List of computing projects
This is a place to list projects which make the code much easier to contribute to/use, but don't necessarily add to the science:
- Lint/black everything
- ~Make the ranking statistics truly modular~ - done
- Make all of PyCBC Live run in the single executable
- e.g. singles stuff and new Denty bins moves into modules rather than separate executables, executables become wrappers around the modules
- ~Make everything use init_logging (as appropriate)~ - done
- ~Standardise how versioning is handled by each executable~ - done
- Make releases easier, e.g. remove requirement to do release/unrelease commits
- Injection sorting (for foundmissed and injection minifollowup) should use a common function
Add suggestions, and they may be implemented if I or others get time
Reminder that there is a whole wiki page of projects for PyCBC Live, including computing stuff: https://github.com/gwastro/pycbc/wiki/PyCBC-Live-O4-development
It would be really nice if PyCBC Live's single fitting code did not have to read tons of trigger files from a slow filesystem.
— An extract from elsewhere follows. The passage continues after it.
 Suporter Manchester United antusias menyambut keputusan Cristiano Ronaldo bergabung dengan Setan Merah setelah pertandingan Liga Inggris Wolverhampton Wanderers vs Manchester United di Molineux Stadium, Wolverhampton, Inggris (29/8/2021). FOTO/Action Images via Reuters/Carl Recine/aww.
Maybe we can keep a RAM rolling cache of triggers to be used for the fits?
It would be really nice if PyCBC Live's single fitting code did not have to read tons of trigger files from a slow filesystem. Maybe we can keep a RAM rolling cache of triggers to be used for the fits?
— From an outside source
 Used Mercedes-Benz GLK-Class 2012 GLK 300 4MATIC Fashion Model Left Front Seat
I'd discussed this with @ArthurTolley recently, but had thought that any cache would be ridiculously large. If it isn't, then this would make things a lot easier
Turns out the slow filesystem is not the issue, see https://github.com/gwastro/pycbc/issues/4501. I guess improving that still counts as "computing" though!
Version information is incomplete for released code (sometimes?!)
e.g. v2.2.0 is complete:
(pycbc-v2.2.0) ~$ pycbc_page_foreground --version
Version: 2.2.0 Branch: None Tag: v2.2.0 Id: eb2559e4b7e40c24ffea29d6fff2b5cdbc70662e Builder: Unknown
User <> Build date: 2023-03-09 20:18:12 +0000 Repository status is CLEAN: All modifications committed
but v2.2.2 isn't:
(pycbc-v2.2.2) ~$ pycbc_page_foreground --version
Version: 2.2.2 Branch: Tag: Id: Builder: Build date: Repository status is
For released code is it not sufficient to say "This is version 2.2.2"?
For released code is it not sufficient to say "This is version 2.2.2"?
Build date would also be useful, but I get the rest is superfluous
For the 'Make everything use init_logging (as appropriate)' task, we can also use this as an opportunity to avoid the super-verbose pegasus loigging when running workflow generators.
I think we can pass a logger instance, pycbc_logger, as an optional argument to init_logging, and then by calling pycbc_logger.info instead of logging.info we avoid passing the verbosity to imported modules.
However passing this to our own modules means an extra argument to each function, and so things become complicated
There's better options than sending the logger through to every function .... Maybe Coleman would have suggestions on this?
Yup - wanted to avoid it for that reason.
Coleman suggested a couple of things:
- wrapping every noisy call to Pegasus with a
withstatement reducing the logging level- This may be tractable as the pegasus calls themselves are almost all contained within
pycbc/workflow/pegasus_workflow.py, with just one outside this inpycbc/workflow/core.py - In fact I think it is just this call causing the extreme verbosity because of the parallelisation of inspiral jobs
- This may be tractable as the pegasus calls themselves are almost all contained within
- If pegasus uses a named logger, grab it and reduce the level see here
- I think it does, so this may be a better option than the above as it will cut things out in future as well
- Set up a filter see here
- raising a github issue for pegasus saying "please be less verbose"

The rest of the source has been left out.